CoCalc -- exam2-solution.ipynb

Project: CSCI 195

Path: Class Samples / datascience / exam2-solution.ipynb

Views: ⁵⁹³⁰
Image: ubuntu2004

Kernel: Unknown Kernel

Execute the cell below to import the Pandas and NumPy modules using their familiar aliases.

In [17]:

import numpy as np
import pandas as pd

Write a statement in the cell below that creates and displays a DataFrame named stats with the structure shown below.

	points	assists
Player
Schoonveld	5	2
Voskuil	11	3
Muller	18	5

Player is not a data row, but is the index's name.

In [16]:

stats = pd.DataFrame(data={"points": [5, 11, 18], "assists": [2, 3, 5]}, index=['Schoonveld', 'Voskuil', 'Muller'])
stats.index.name="Player"
stats

Execute the cell below to load several data sets from the seaborn package.

In [3]:

from exam2_data import taxis, vehicles

Write a statement in the cell below that lists the names and types of the columns in the DataFrame named taxis.

In [5]:

taxis.info()

Write a statement in the cell below that displays the rows in taxis with index values 1000 through 1005.

In [9]:

taxis.loc[1000:1005]

Write a statement in the cell below that displays the pickup_zone, dropoff_zone, and fare for the 10th through 20th rows in taxis.

In [10]:

taxis.iloc[10:20][['pickup_zone', 'dropoff_zone', 'fare']]

Write a statement that displays the possible values in the payment column in taxis.

In [15]:

taxis['payment'].unique()

What percentage of trips were taken by one passenger?

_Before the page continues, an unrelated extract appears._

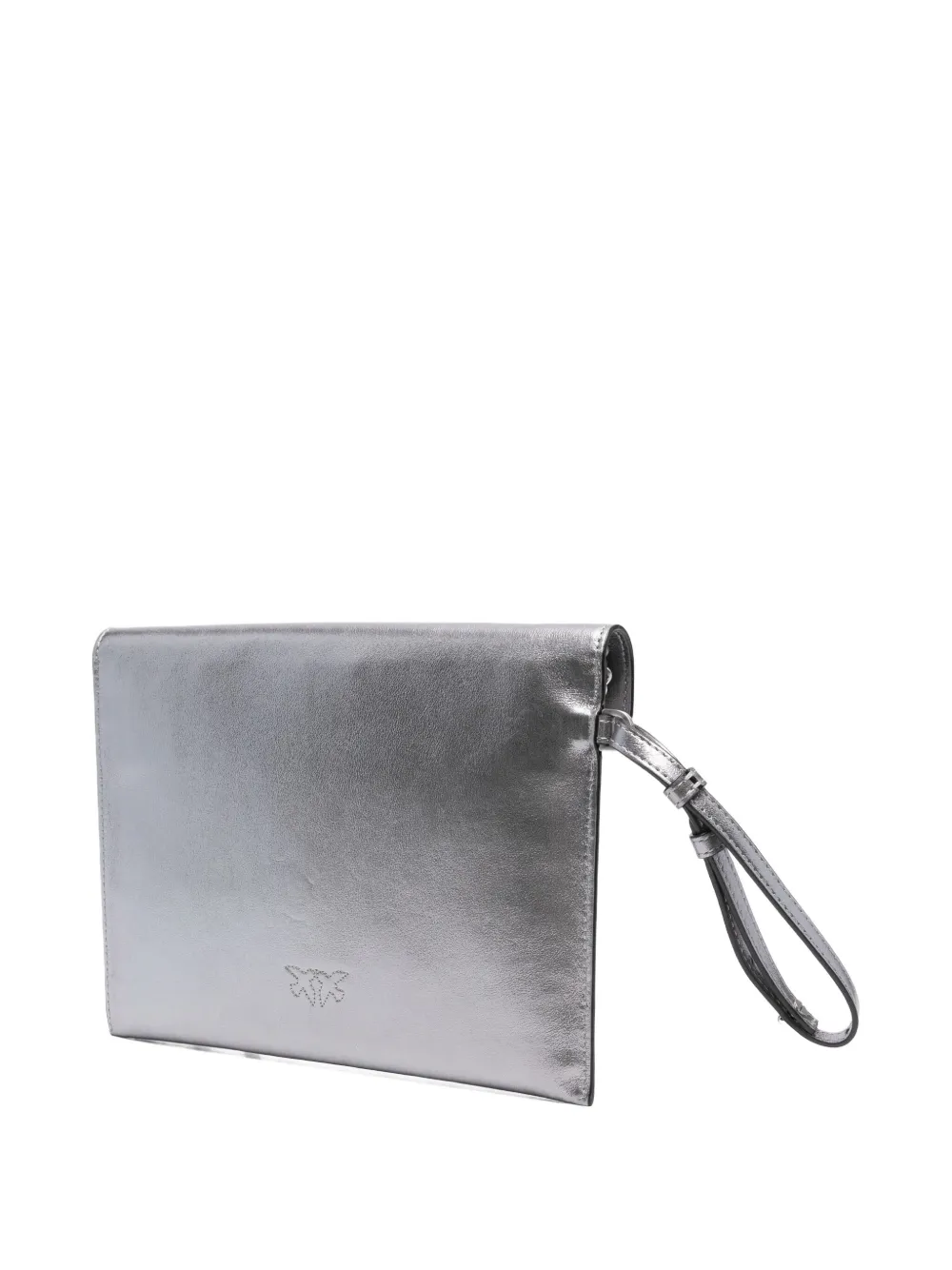 Pinko Small Leather Flap Clutch In Gray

Write one or more statements in the cell below that display the answer to this question in the format below

Out of #,### trips, ##.##% were taken by a single passenger.

In [5]:

total_trips = len(taxis)
number_single_passenger_trips = np.sum(taxis['passengers'] == 1)
percent_single_passenger = number_single_passenger_trips / total_trips * 100
print(f"Out of {total_trips:,} trips, {percent_single_passenger:.2f}% were taken by a single passenger.")

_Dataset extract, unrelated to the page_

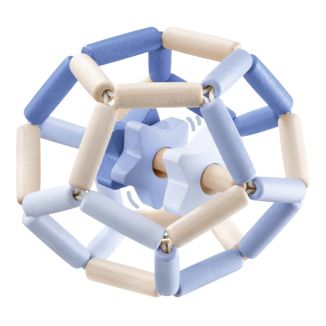 Spielmaterial vom Artikel 64022, bellybutton: Sternentanz blau, elastischer Greiflingsball aus Holz mit Klappersterne, 11,5 cm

Write a single statement to display the 2 most frequently occurring values in the pickup_borough column along with the number of trips originating in those boroughs.

In [6]:

taxis['pickup_borough'].value_counts()[0:2]

Determine if more trips were made whose total was $20 or less, or whose total was $50 or more.

Print either the string $20 or less or $50 or more.

In [25]:

under_20 = np.sum(taxis['total'] <= 20)
over_50 = np.sum(taxis['total'] >= 50)

print ("$20 or less" if under_20 > over_50 else "$50 or more")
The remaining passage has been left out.